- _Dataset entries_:
= = = = = = =

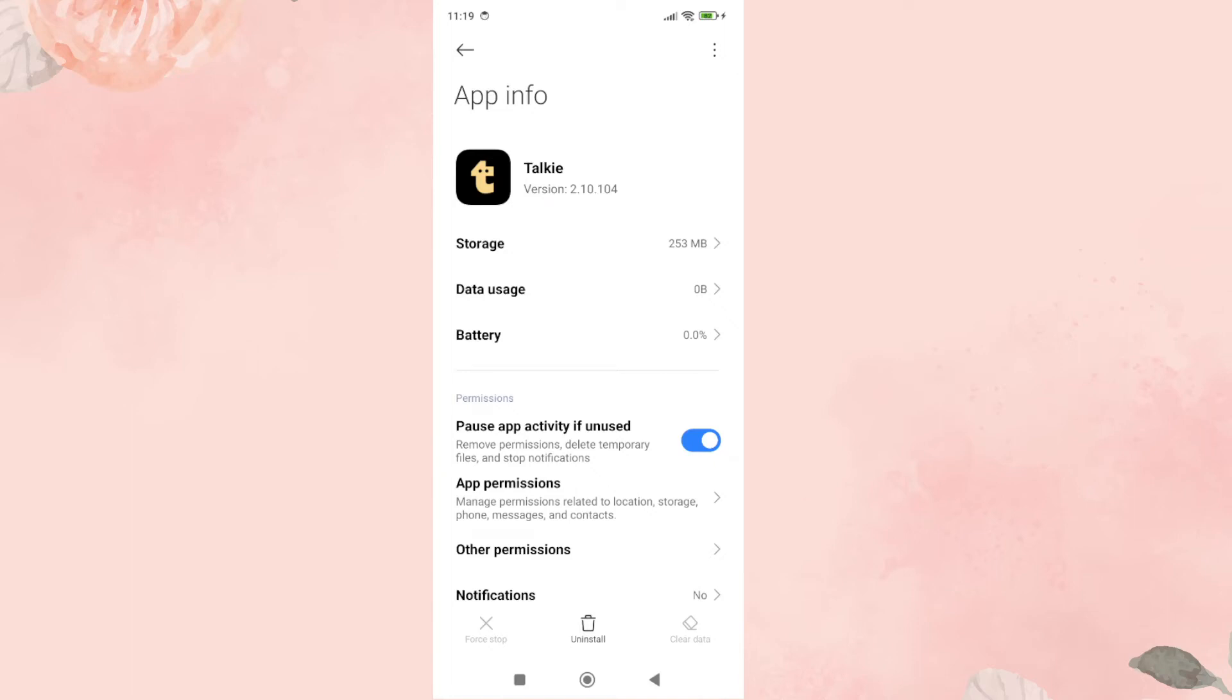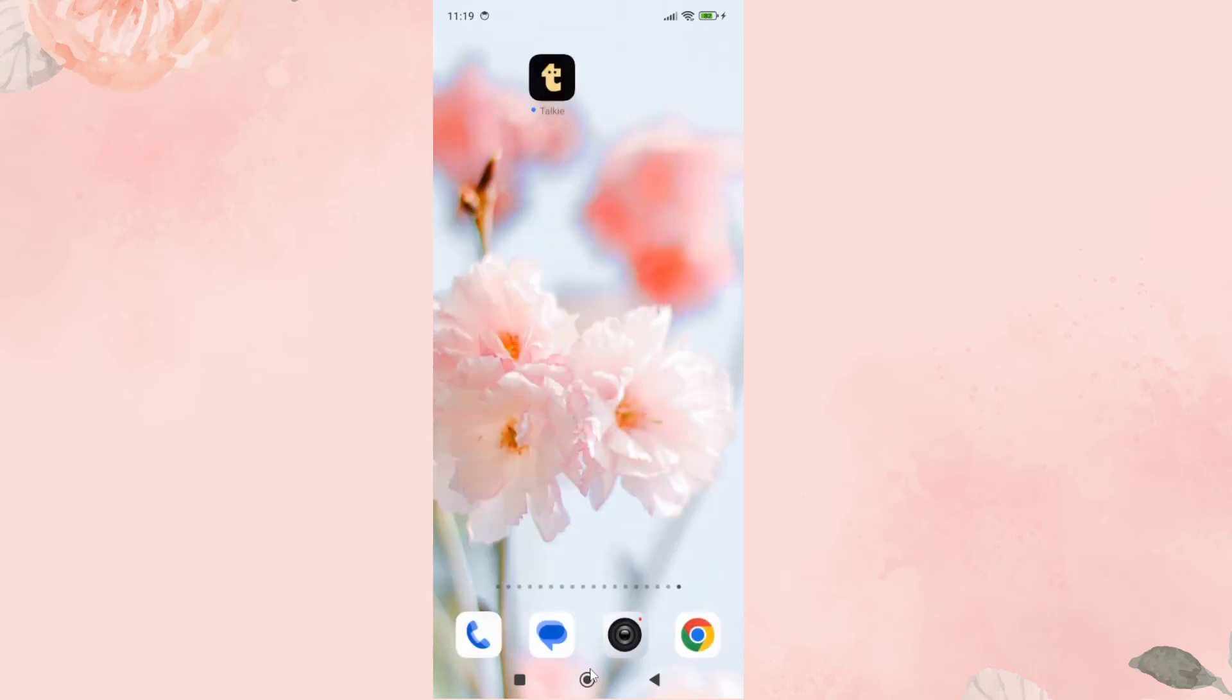Hello everyone, in this video I'll be showing you how to fix if the Taki website is not working with you or if you are getting the sorry network error in this Taki AI personalized chat app.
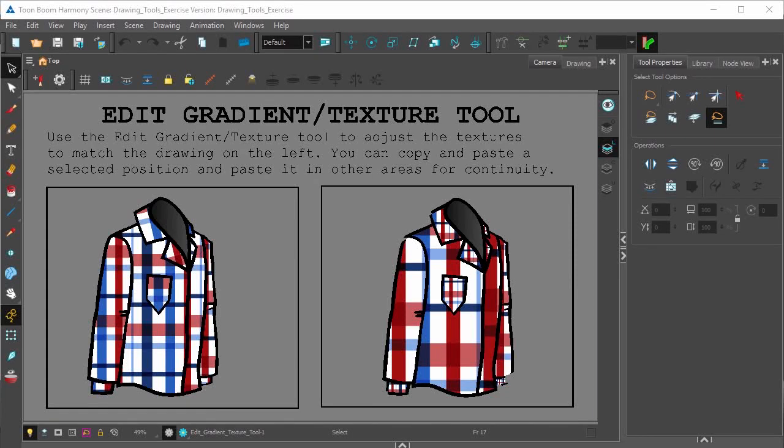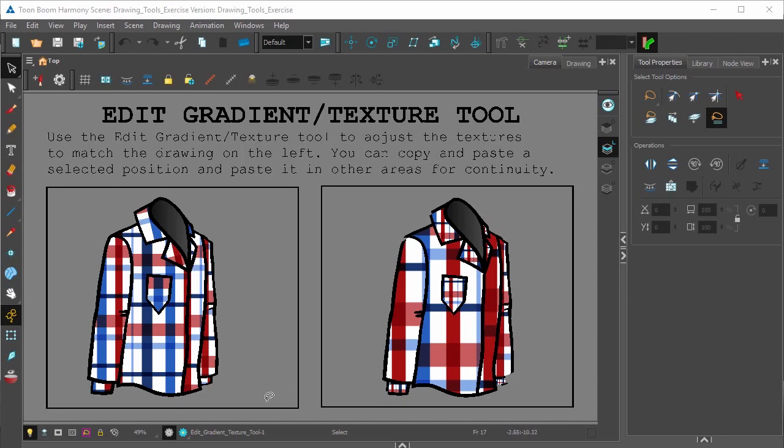In this video we'll be looking at Harmony's Edit Gradient and Texture Tool. On the right you can see that the texture on the shirt is much larger than the texture on the left. To fix or modify that, you'd use the Edit Gradient and Texture Tool which can be found right here.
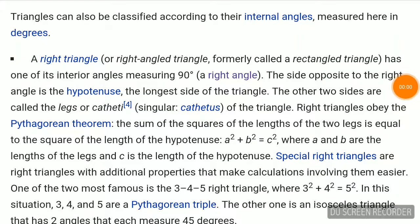Triangles can also be classified according to their internal angles, measured in degrees. A right triangle has one of its interior angles measuring 90 degrees — a right angle. The side opposite to the right angle is the hypotenuse, the longest side of the triangle. The other two sides are called the legs or cathetes of the triangle.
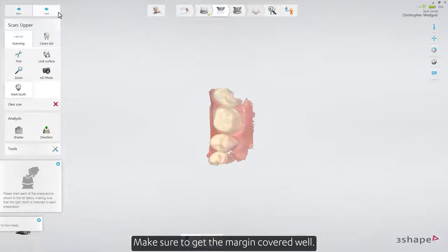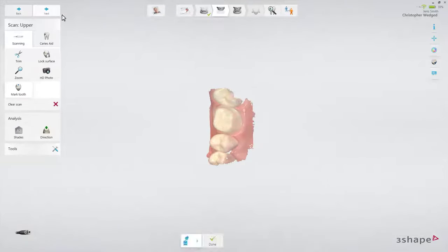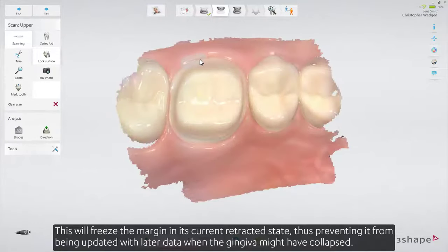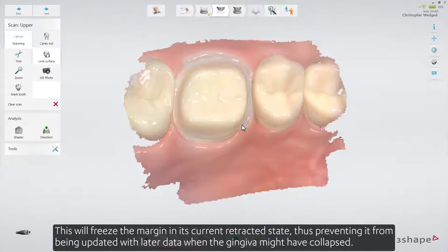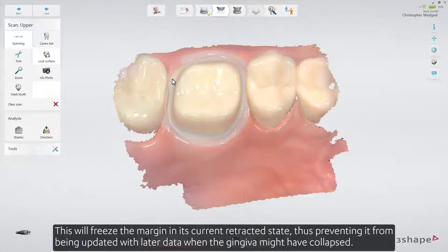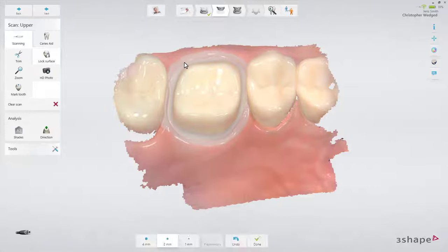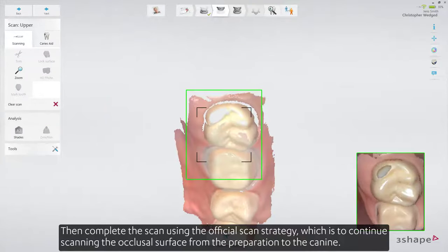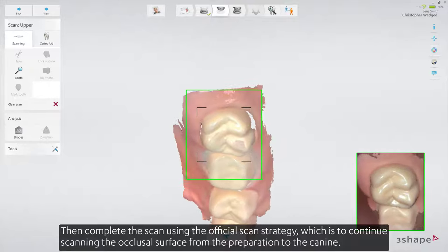Make sure to get the margin covered well. Then paint the margin using the lock tool. This will freeze the margin in its current retracted state, thus preventing it from being updated with later data when the gingiva might have collapsed.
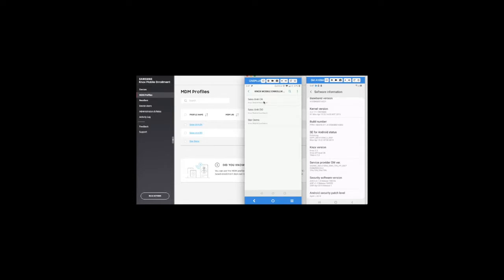I will be selecting a device admin profile so that the device is not factory reset, whereas a device owner profile will factory reset my device and give Scalefusion the device owner permissions. Let me go ahead and select the device admin profile.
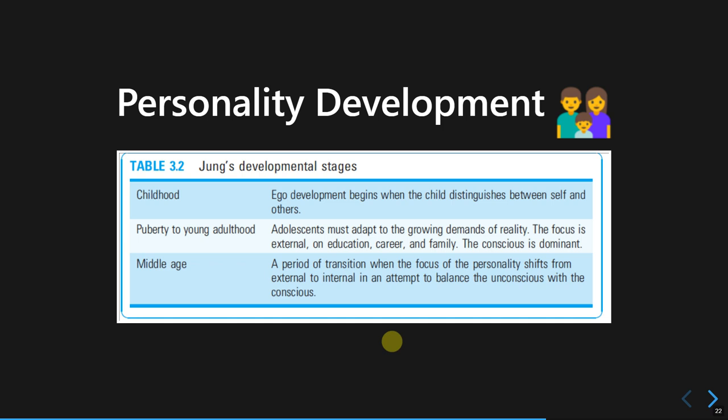The second stage is adolescence through young adulthood. This is where we adapt to completely new demands, challenges, and changes in reality. We focus our effort and attention on education, pursuing a career, and forming a family. This is where the conscious process is extremely dominant.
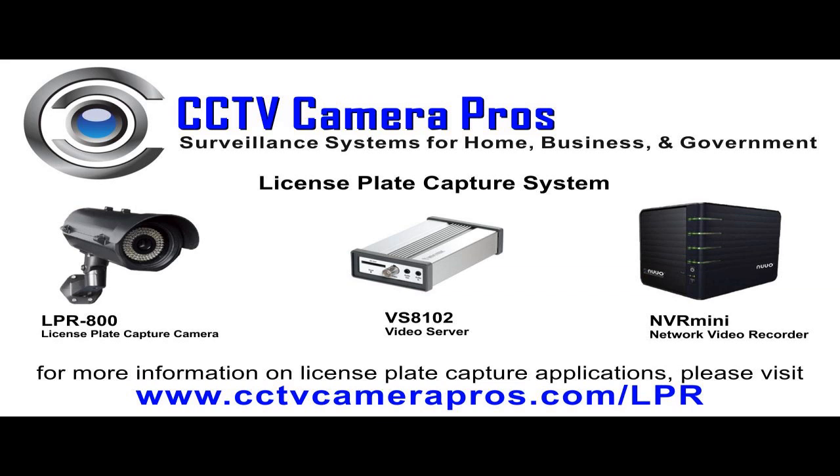The sales engineers at CCTV Camera Pros are subject matter experts in the area of license plate capture applications. For more information and to contact us, please visit www.cctvcamerapros.com/LPR. Thank you for watching our video.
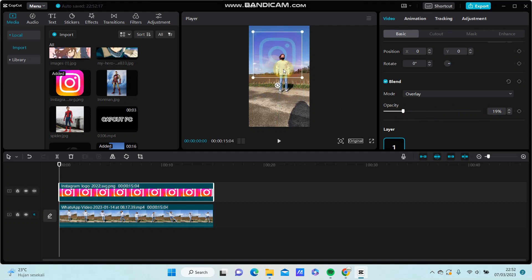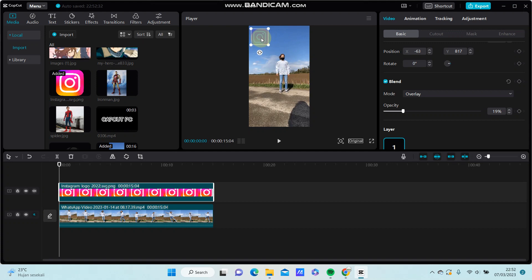Alright, so you can resize again and adjust the position if you like.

= = = = = = =

- _TASK DESCRIPTION_: A word-for-word copy of all the data is required, minus the pictures.

- _REPLY TO THE TASK_:
Hello everyone, in this video I'll be showing you how to fix if the Taki website is not working with you or if you are getting the sorry network error in this Taki AI personalized chat app.
In this video we'll be looking at Harmony's Edit Gradient and Texture Tool. On the right you can see that the texture on the shirt is much larger than the texture on the left. To fix or modify that, you'd use the Edit Gradient and Texture Tool which can be found right here.
Triangles can also be classified according to their internal angles, measured in degrees. A right triangle has one of its interior angles measuring 90 degrees — a right angle. The side opposite to the right angle is the hypotenuse, the longest side of the triangle. The other two sides are called the legs or cathetes of the triangle.
Make sure to get the margin covered well. Then paint the margin using the lock tool. This will freeze the margin in its current retracted state, thus preventing it from being updated with later data when the gingiva might have collapsed.
I will be selecting a device admin profile so that the device is not factory reset, whereas a device owner profile will factory reset my device and give Scalefusion the device owner permissions. Let me go ahead and select the device admin profile.
The second stage is adolescence through young adulthood. This is where we adapt to completely new demands, challenges, and changes in reality. We focus our effort and attention on education, pursuing a career, and forming a family. This is where the conscious process is extremely dominant.
The sales engineers at CCTV Camera Pros are subject matter experts in the area of license plate capture applications. For more information and to contact us, please visit www.cctvcamerapros.com/LPR. Thank you for watching our video.
Alright, so you can resize again and adjust the position if you like.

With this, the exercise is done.